Global forest fires, rising ocean levels, melting glaciers and mega-storms provide convincing evidence that things are “bad” environmentally. Yet climate denial continues, documented in a study by the Center for American Progress showing “there are 139 elected officials in the 117th Congress who still deny the scientific consensus of human-caused climate change.” How many more are on the ballot in this November’s election?
After decades of warning, time is running out. This year, the United Nations Intergovernmental Panel on Climate Change released a report cautioning that our global village has no more than three years of environmental course correction available before even more devastating weather-related environmental catastrophes become the order of the day. Will we act accordingly?
When it comes to information and analysis of issues related to our “environmental crisis” I continue to benefit from the work of my longtime friend Roger Gottlieb, William B. Smith Professor of Philosophy at Worcester Polytechnic Institute. A highly regarded authority on environmental realities and possibilities, Gottlieb also offers insights into the role of religion in it all. In Morality and the Environmental Crisis he writes:
By “environmental crisis” I mean two things. First, the sheer scope of what we have done. Second, how the leading cultural and political institutions either directly contributed to this damage; failed to foresee it; or refused to recognize it even after it was well under way. The environmental crisis is thus not just a complex and daunting collection of problems with our bodies and the earth, it is a fundamental problem with our — in the broadest sense of the term — civilization.

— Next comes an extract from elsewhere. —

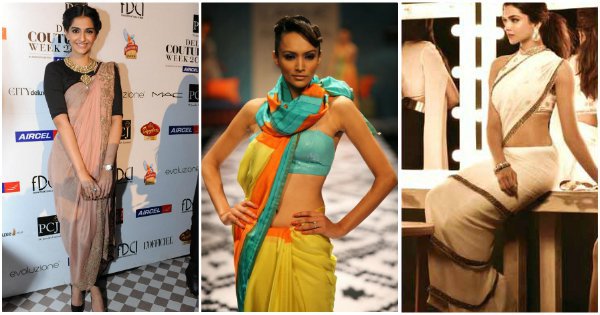 10 Offbeat Saree Draping Styles Which 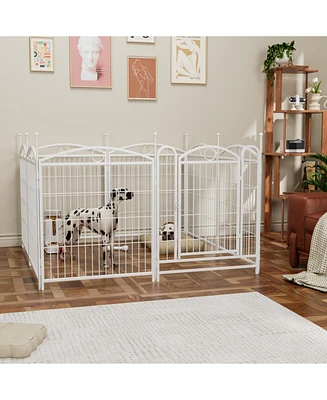 Streamdale Furniture Dog Playpen 32-Inch 8-Panel Metal Pet Fence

To illustrate, Gottlieb offers a representative list of dire environmental realities, including:
- The World Health Organization estimates three to six million deaths annually are attributable to air pollution.
- A precipitous drop in insect populations, up to 75%, is potentially catastrophic to human agriculture in particular and plant species life in general.
- In the United States 40% to 50% of rivers and lakes cannot support life.
- Human activity impacts the fastest and largest disappearance of species in 70 million years — one species every eleven minutes.
- Rainforests, overburdened by what we have done to the atmosphere, now produce rather than absorb CO2.
Gottlieb says that with certain exceptions, world religions have perceived the “nonhuman” world “in terms of human interests, beliefs and social structures — to frame nature’s significance in human terms.” He notes: “The Judeo‑Christian tradition, closely associated with a European industrial civilization that brought the environmental crisis into the modern world, was typically concerned (at best) with the ‘wise use’ of the earth and its creatures, and not with any notion of their inherent value. … While nature might be a sign of God, the sign itself had little or no moral standing.”
“Only a few saints and reformers have taught that people have direct moral responsibilities to nonhuman creatures.”
Gottlieb cites environmentalist Steven Rockefeller: “The social and moral traditions that have been dominant in the West … have not involved the idea that animals, trees or the land in their own right, as distinct from their owners or their Creator, have moral standing. Only a few saints and reformers have taught that people have direct moral responsibilities to nonhuman creatures.”
In 2022, those “few saints and reformers” remain a minority amid environmental crises that grow more intense with each new day. Worse yet, global societies, especially in the United States, seem so irreconcilably divided over “normal” living — “eating and drinking, marrying and giving in marriage” — than confronting the “abnormal” realities of climate collapse seems unlikely if not impossible.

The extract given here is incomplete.